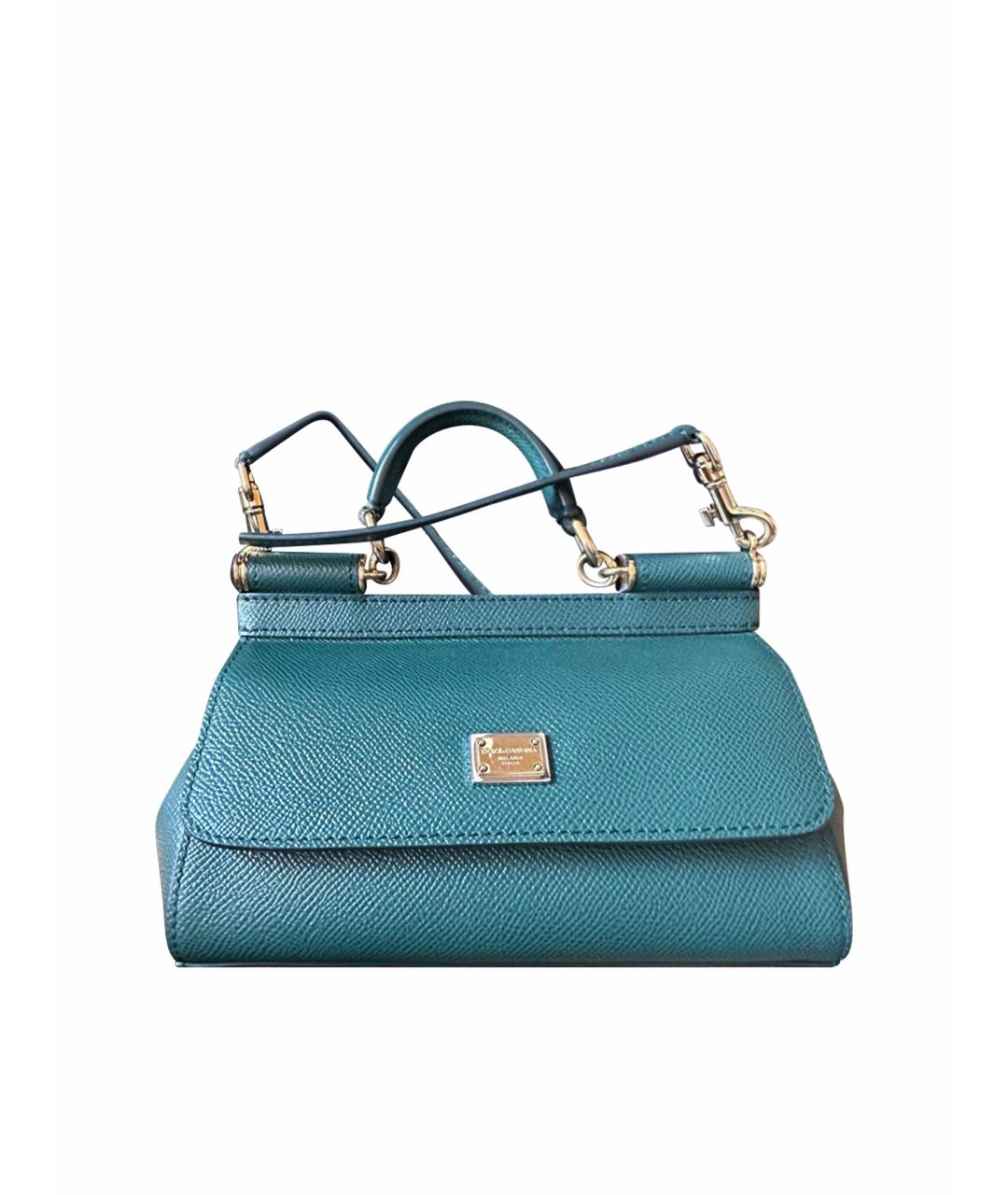 DOLCE&GABBANA Зеленая кожаная сумка через плечо, фото 1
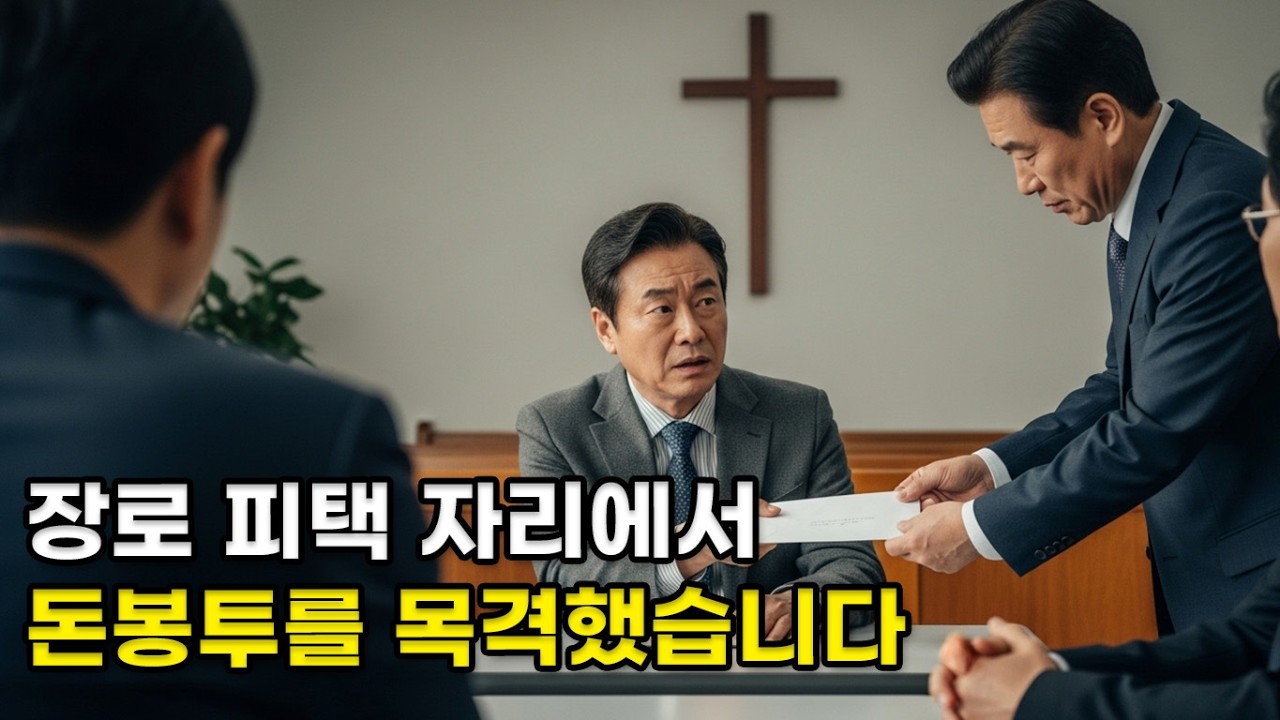 장로가 될 뻔했습니다… 그런데 그날 돈봉투를 봤습니다 | 안수집사의 고백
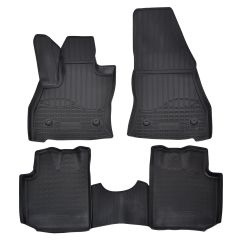 Tapis De Sol En Caoutchouc TPE Toutes Saisones Pour Fiat 500L depuis 2012, Système de Fixation, Bord Haut, Noir, Antidérapant, Toutes Saisons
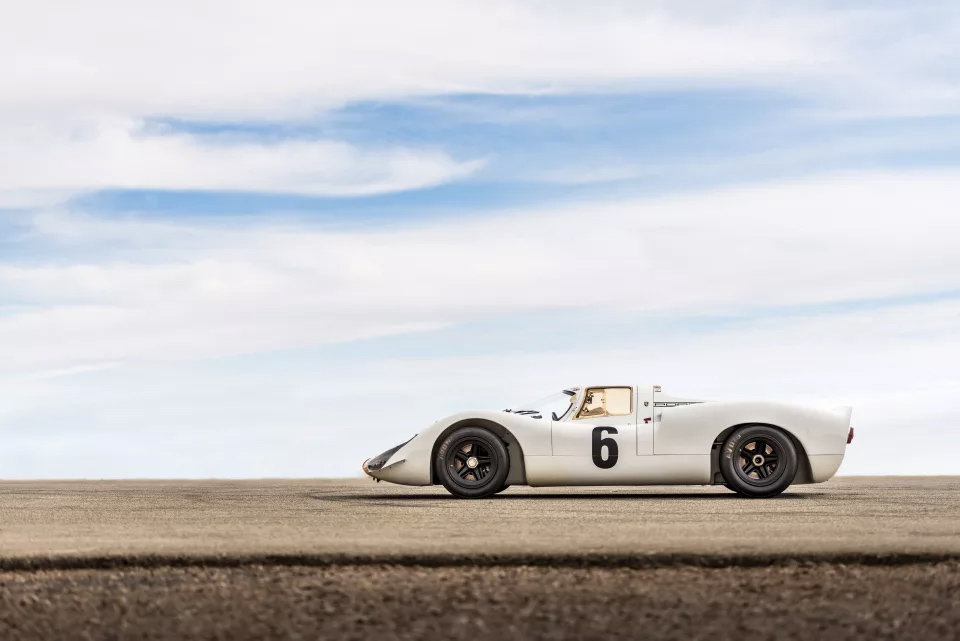 Porsche 908 Coupe de carrera y colección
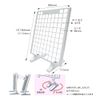 Net Stand Resin Display Store Fixture Storage POP (White)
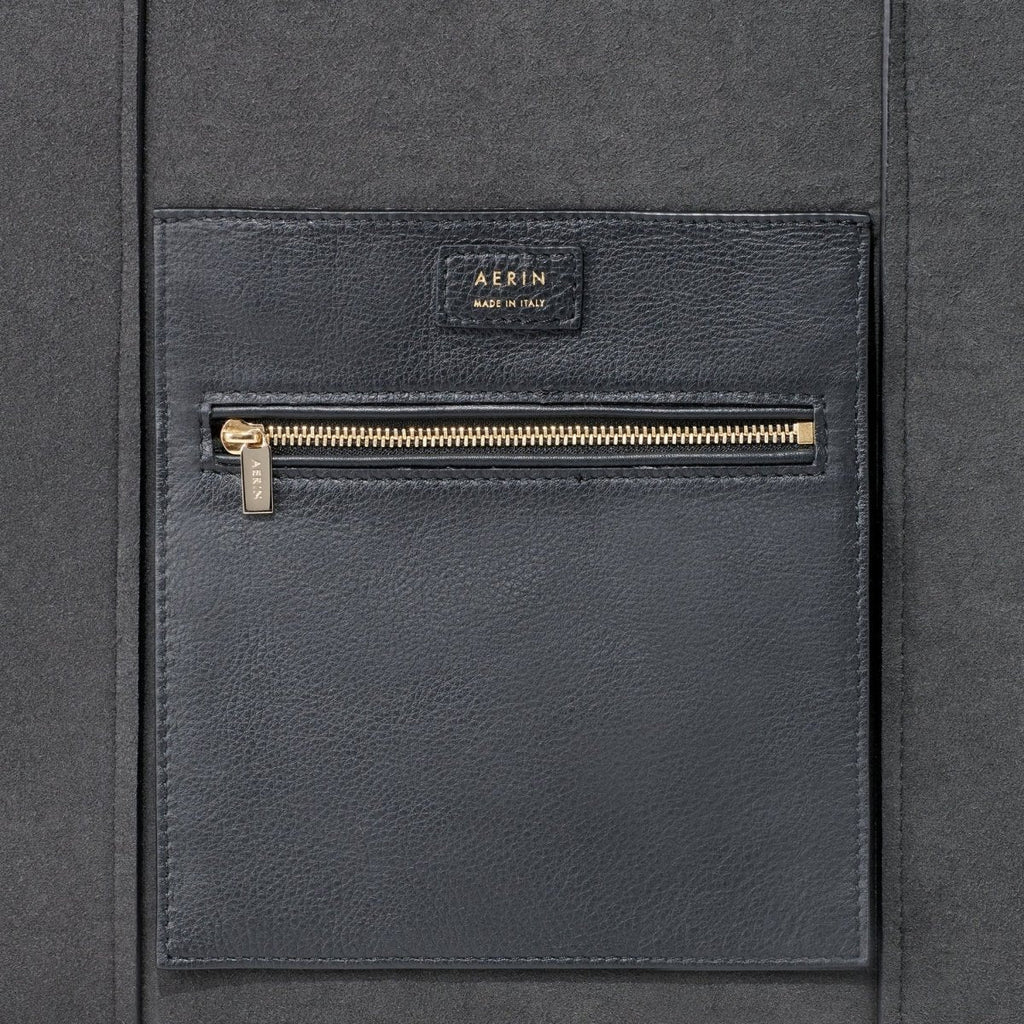 Mini Weekender in Dark Gray Suede by AERIN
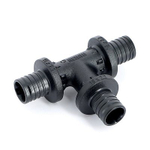 Тройник надвижной REHAU  16*16*16 (черный пластик)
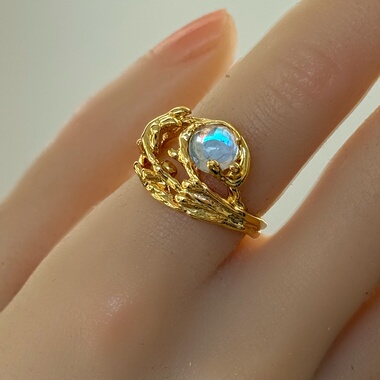 小众设计感搭配款夸张气质高级感时尚开口可调节戒指 食指戒圈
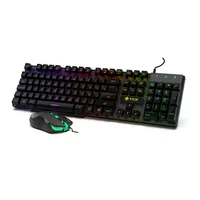 INCA Gaming MausTastatur RGB 3200DPI6Tasten1.50m schwarz retail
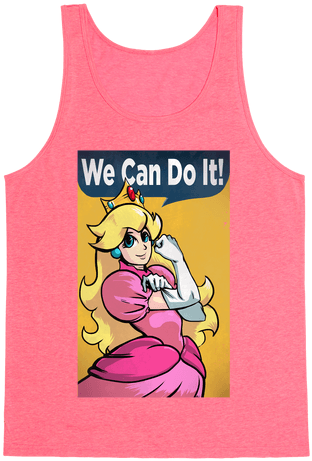 We Can Do It- Princess Peach Tank Top - Princess Peach Shirt (484x484), Png Download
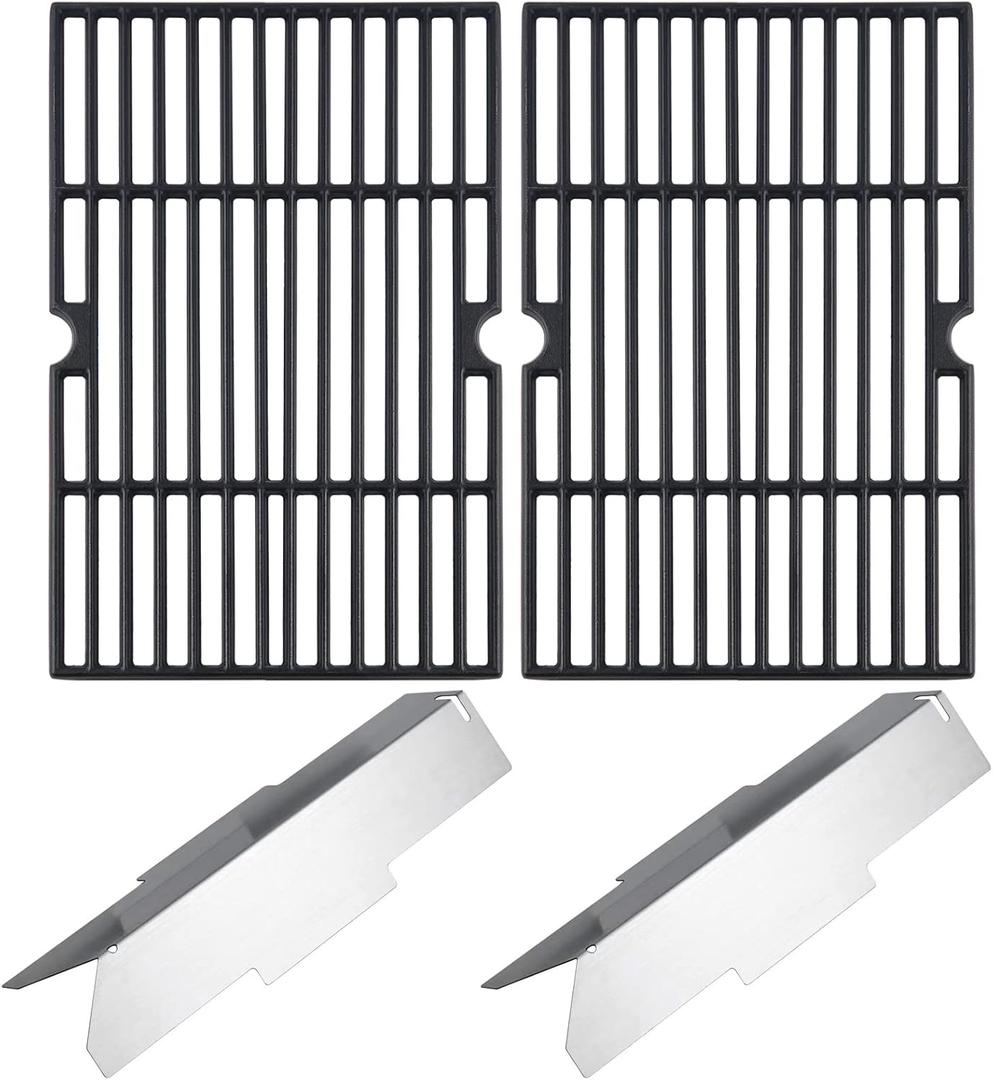 Charbrofire 70-01-634 DGF350CSP DGF350CSP-D Grates and Heat Tent Replacement Parts for Dyna Glo Grill Grates Heat Plates DGF350SNP DGF350SNP-D DG1-70-01-634-R 101-03011 70-01-635 Heat Shield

- _Exercise_: Pictures are to be left out; set down everything else in the records exactly.

- _Task result_:
 DOLCE&GABBANA Зеленая кожаная сумка через плечо, фото 1
 장로가 될 뻔했습니다… 그런데 그날 돈봉투를 봤습니다 | 안수집사의 고백
 Tapis De Sol En Caoutchouc TPE Toutes Saisones Pour Fiat 500L depuis 2012, Système de Fixation, Bord Haut, Noir, Antidérapant, Toutes Saisons
 Porsche 908 Coupe de carrera y colección
 Net Stand Resin Display Store Fixture Storage POP (White)
 Mini Weekender in Dark Gray Suede by AERIN
 Тройник надвижной REHAU  16*16*16 (черный пластик)
 小众设计感搭配款夸张气质高级感时尚开口可调节戒指 食指戒圈
 INCA Gaming MausTastatur RGB 3200DPI6Tasten1.50m schwarz retail
 We Can Do It- Princess Peach Tank Top - Princess Peach Shirt (484x484), Png Download
 Charbrofire 70-01-634 DGF350CSP DGF350CSP-D Grates and Heat Tent Replacement Parts for Dyna Glo Grill Grates Heat Plates DGF350SNP DGF350SNP-D DG1-70-01-634-R 101-03011 70-01-635 Heat Shield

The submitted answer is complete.